1. What is the definition of Shipowner according to MLC 2006
2. What is the definition of a Seafarer under MLC 2006?
3. Which countries have ratified MLC 2006 to date?
4. Who is the competent authority for MLC 2006?
5. Does the MLC 2006 apply to entertainers and hotel service staff?
6. Who is protected by the MLC 2006?
7. Who or what does the MLC 2006 apply to?
8. What is the Maritime Labour Convention, 2006 (MLC 2006)?
9. What does Declaration of Maritime Labour Compliance (DMLC) mean?
10. Where do I apply for my DMLC Part I for MLC 2006?
11. What is the DMLC Part I in MLC 2006?
12. What is the DMLC Part II in MLC 2006?
13. Who prepares the DMLC Part II for MLC 2006?
14. What needs to be recorded in DMLC Part II as part of MLC 2006?
15. How do I get my ML Certificate for MLC 2006?
16. Who inspects my ship for MLC 2006?
17. How do I know that my DMLC Part II for MLC 2006 is complete?
18. When does MLC 2006 enter into force?
19. Who needs to be certified for MLC 2006?
20. Does the MLC 2006 directly apply to shipowners, ships and seafarers?
21. What is the Special Tripartite Committee in MLC 2006?
22. What is meant by the term “Member” in MLC 2006?
23. Who is the competent authority in MLC 2006?
24. What is the master’s role in ensuring compliance with MLC 2006 requirements?

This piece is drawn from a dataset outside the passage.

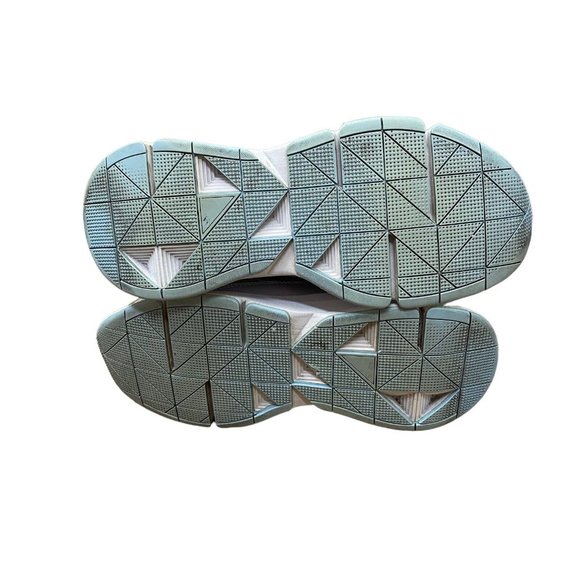 Under Armour Forge 96 HL Irid Womens 7.5 Synthetic Lace Up Trainers 3022812 100 - Picture 10 of 11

1. What is the definition of Shipowner according to MLC 2006
For the purpose of this Convention shipowner means the owner of the ship or another organization or person, such as the manager, agent or bareboat charterer, who has assumed the responsibility for the operation of the ship from the owner and who, on assuming such responsibility, has agreed to take over the duties and responsibilities imposed on shipowners in accordance with this Convention, regardless of whether any other organization or persons fulfil certain of the duties or responsibilities on behalf of the shipowner.

2. What is the definition of a Seafarer under MLC 2006?
Under MLC-2006 ‘seafarer’ means any person who is employed or engaged or works in any capacity on board a ship to which this Convention applies. The different flag states may implement more specific definitions as there are certain categories of workers, who only board the ship briefly and who normally work on land, for example flag State or port State control inspectors, who clearly could not be considered as working on the ship concerned.
In other cases, the situation may not be clear, for example when a performer has been engaged to work on a cruise ship for the whole of the cruise or to carry out on going ship maintenance or repair or other duties on a voyage. The MLC-2006 Document Generator gives detailed information per flag state as listed on the home page.

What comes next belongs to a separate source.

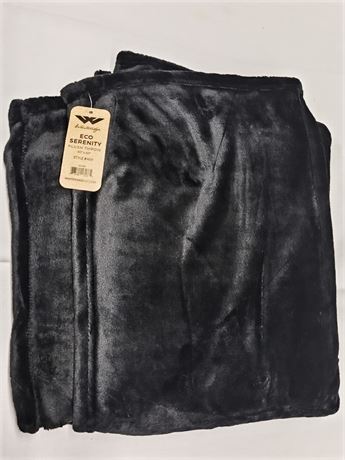 Lot R9 - Whiteridge Eco Serenity Plush Throw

3. Which countries have ratified MLC 2006 to date?
The number of countries that have ratified to MLC-2006 is ever increasing. Please follow this link for up-to-date information.
http://www.ilo.org/dyn/normlex/en/f?p=1000:11300:0::NO::P11300_INSTRUMENT_ID:312331

4. Who is the competent authority for MLC 2006?
The MLC, 2006 defines the term ”competent authority” in Article II, paragraph 1(a) as “the minister, government department or other authority having power to issue and enforce regulations, orders or other instructions having the force of law in respect of the subject matter of the provision concerned”.
It is a term used to indicate the department(s) of a government with responsibility for implementing the MLC 2006. Practices could vary between countries and often more than one department or agency (e.g., labour or maritime or social security) could be  involved in implementing aspects of the MLC 2006 in a country and could therefore be the “competent authority” for the particular issue.
Sometimes it is also referred to as the Administration.

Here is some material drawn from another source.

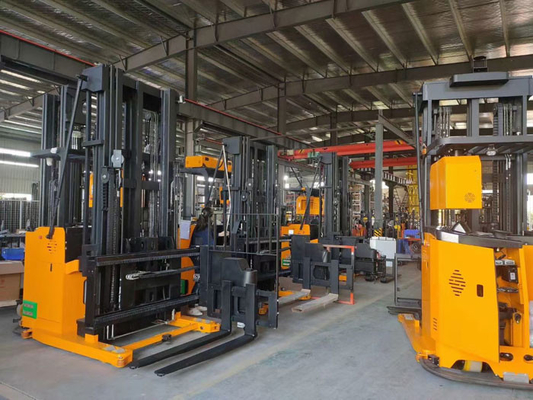 Electric Three Way Stacker Forklift 1500kg 6000mm Lifting Height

5. Does the MLC 2006 apply to entertainers and hotel service staff?
Since the MLC 2006 applies to “any person who is employed or engaged or works in any capacity on board a ship to which this Convention applies”, it covers all workers including cabin and cleaning personnel, bar staff, waiters, entertainers, singers, kitchen staff, casino personnel and estheticians. This conclusion is applicable irrespective of whether the seafarers concerned have been recruited directly by a shipowner or are employed under a subcontracting arrangement.
Nevertheless, there are certain categories of workers, who only board the ship briefly and who normally work on land, for example flag State or port State control inspectors, who clearly could not be considered as working on the ship concerned.
In other cases, the situation may not be clear, for example when a performer has been engaged to work on a cruise ship for the whole of the cruise or to carry out on going ship maintenance or repair or other duties on a voyage.
The MLC-2006 Document Generator gives detailed flag specific information for the flags listed on the home page.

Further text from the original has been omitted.